(Captioned web images)
________________

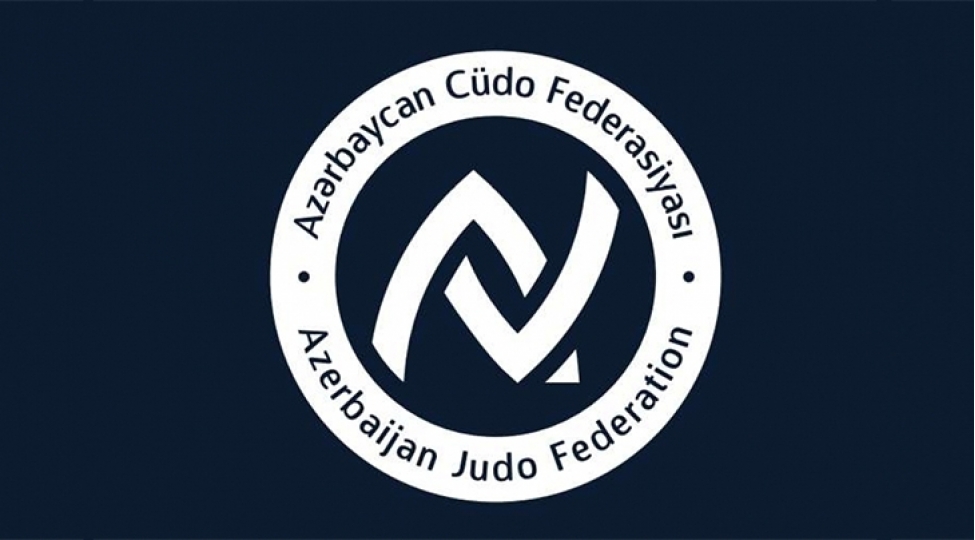 azerbaycan-cudo-federasiyasinarkomaniyaya-qarshi-kampaniyaya-bashladi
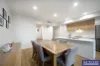 18/68 Corkery Crescent, Taylor, ACT 2913-Image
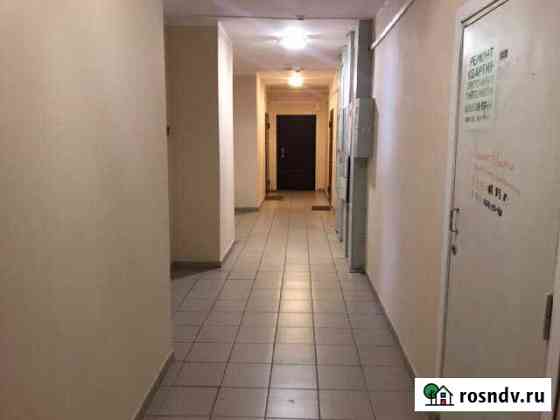 1-комнатная квартира, 45 м², 2/10 эт. на продажу в Свердловском Свердловский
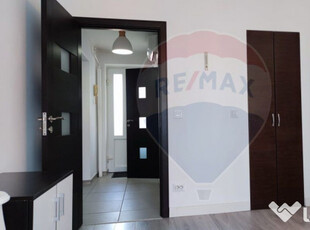 Apartament cu 2 camere de inchiriat zona Magheru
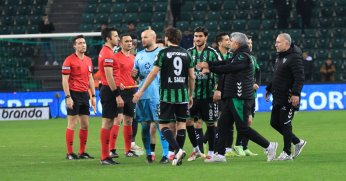 Operasyon nedir, nasıl yapılır?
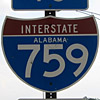interstate 759 thumbnail AL19797593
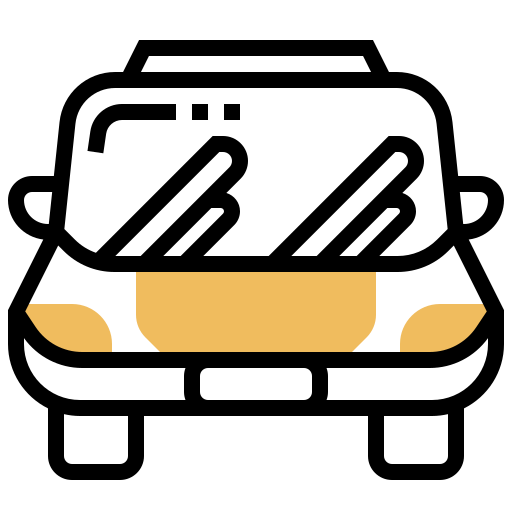 Phụ tùng Chính hãng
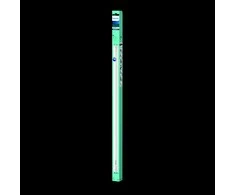 Philips LEMPUTĖ LED G13 T8 8W 800LM 4000K 600MM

________________

**Work required**
Exclude every picture, then return precisely the lines that run from the line containing "Apartament cu 2" through the end of the entries above.

**Solution**
 Apartament cu 2 camere de inchiriat zona Magheru
 Operasyon nedir, nasıl yapılır?
interstate 759 thumbnail AL19797593
 Phụ tùng Chính hãng
 Philips LEMPUTĖ LED G13 T8 8W 800LM 4000K 600MM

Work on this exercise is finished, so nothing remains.